What you need to do:
The answer must consist solely of the lines from the one with "Chevrolet Bolt Front brake disc 13515905" through the last line of the data, copied exactly, with no pictures.

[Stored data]
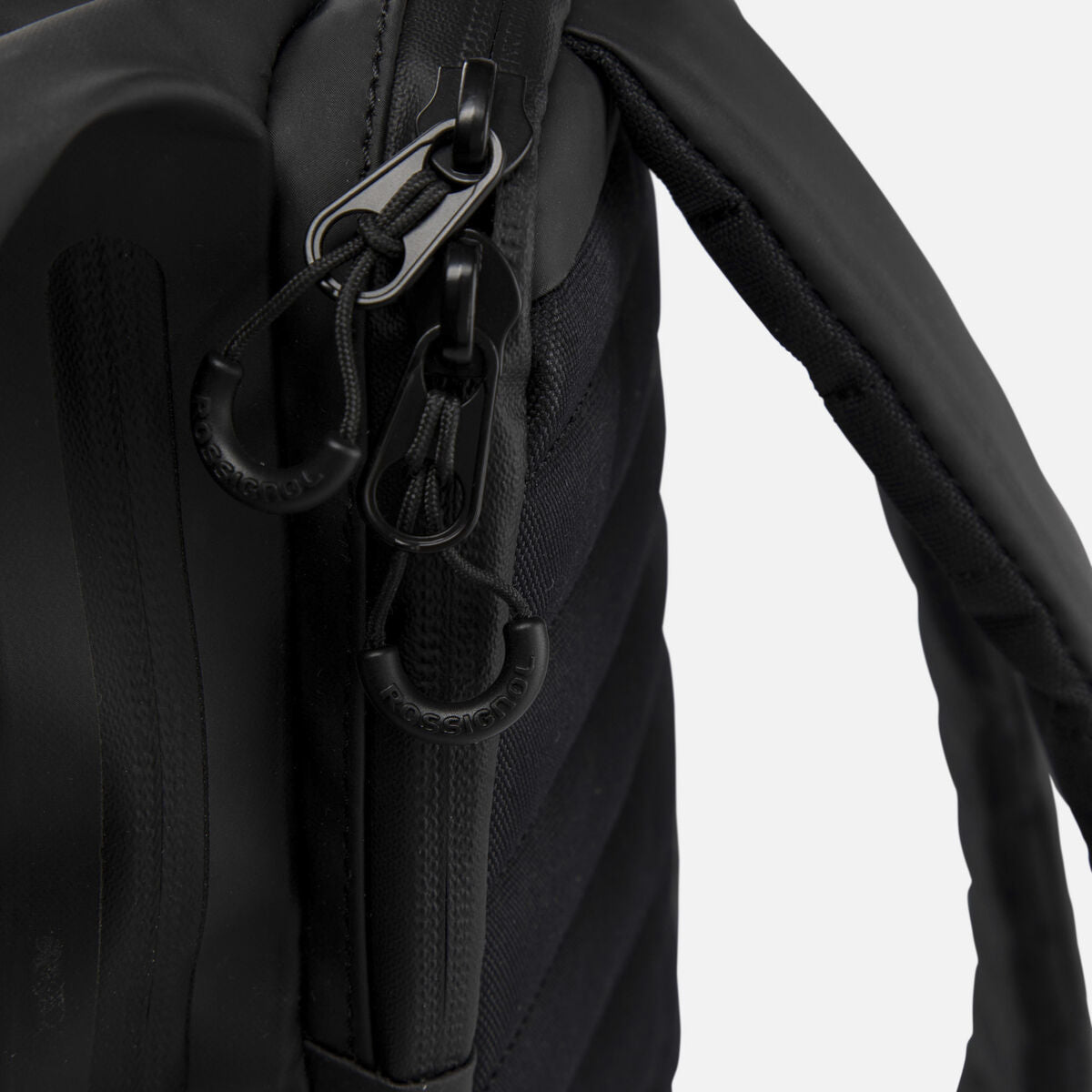 25L BLACK COMMUTERS BACKPACK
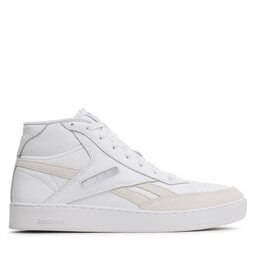 Reebok Sportcipők Reebok Club C Form Hi FZ6030 Fehér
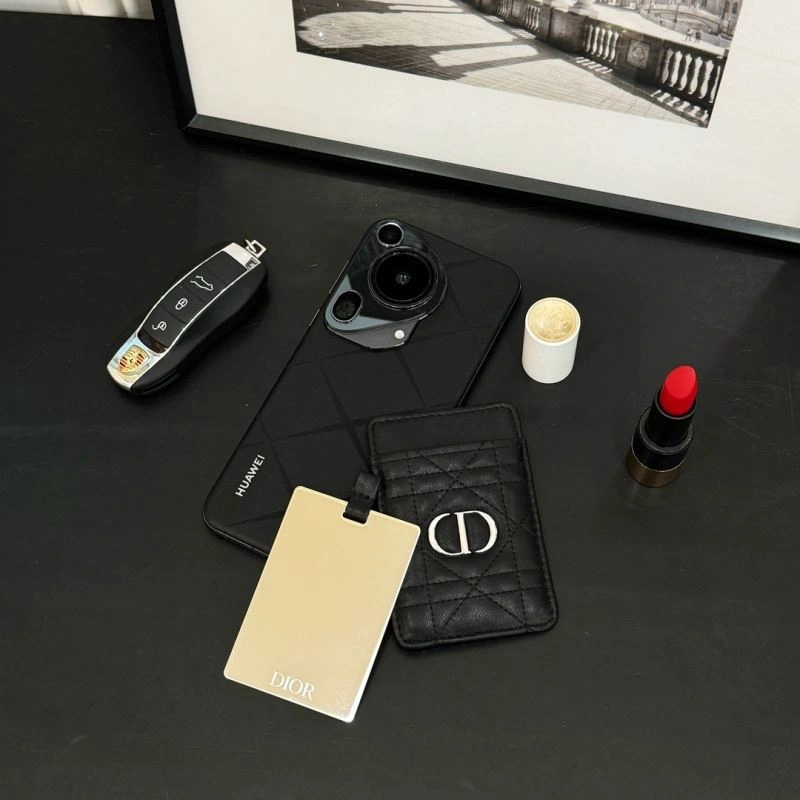 Christian Dior Card Holders Lightweight 262659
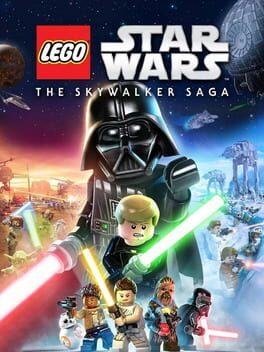 LEGO Star Wars: The Skywalker Saga | (GB) (Playstation 4)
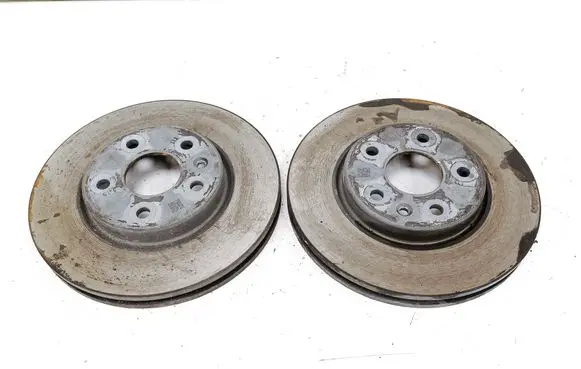 Chevrolet Bolt Front brake disc 13515905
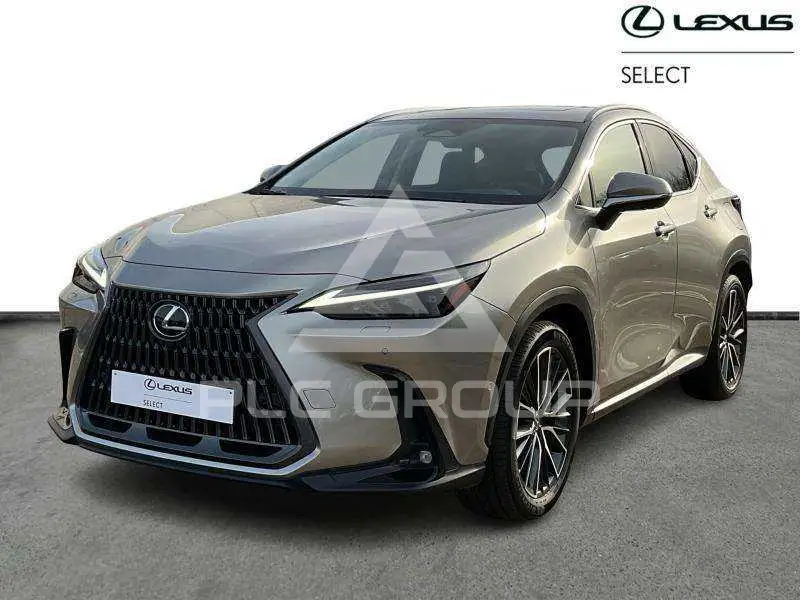 2024 Lexus NX450
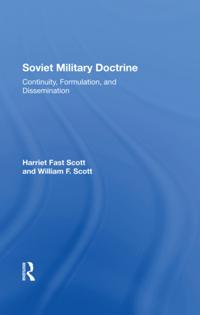 Soviet Military Doctrine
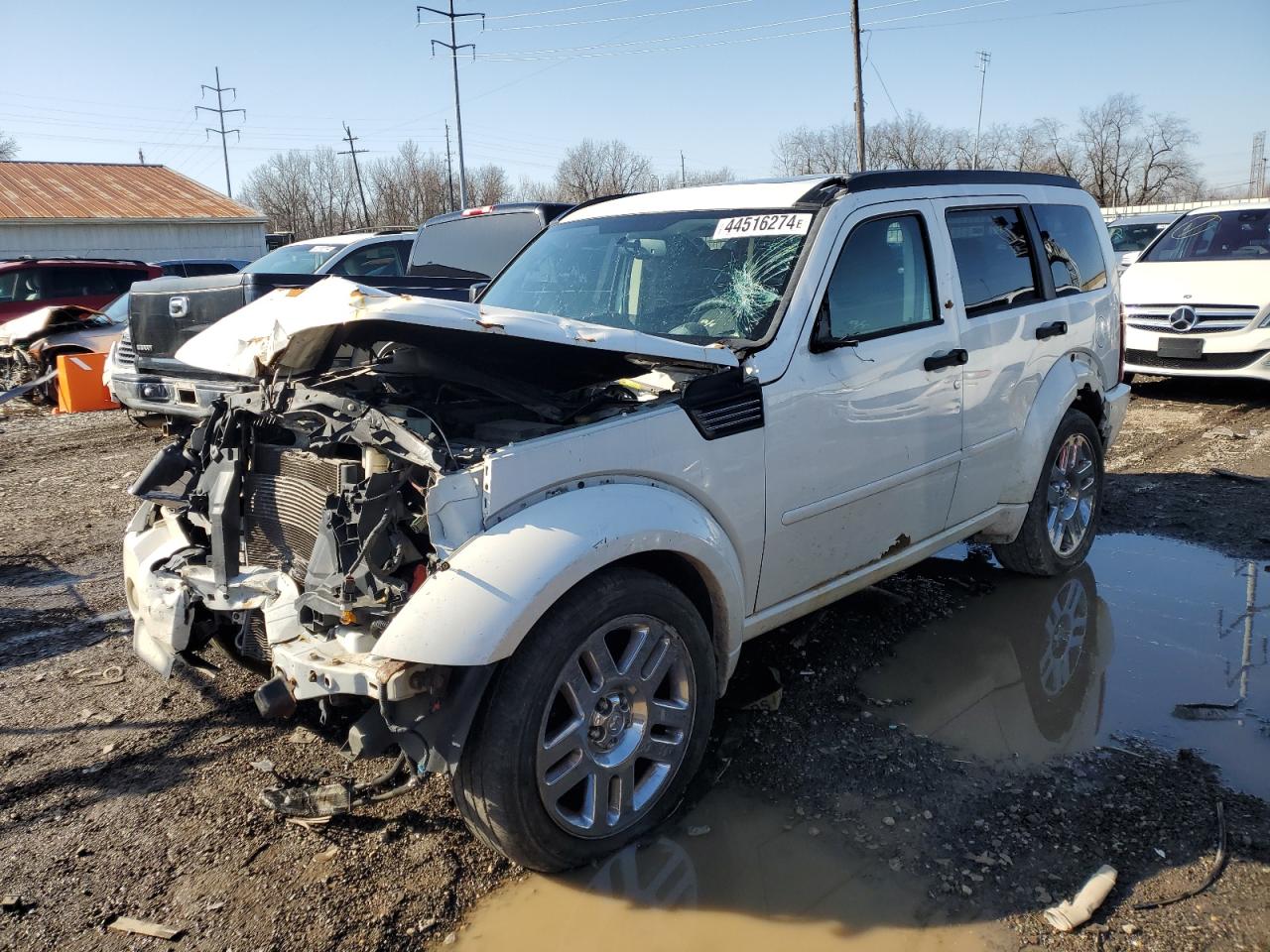 Dodge Nitro (2007)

Result for this task:
 Chevrolet Bolt Front brake disc 13515905
 2024 Lexus NX450
 Soviet Military Doctrine
 Dodge Nitro (2007)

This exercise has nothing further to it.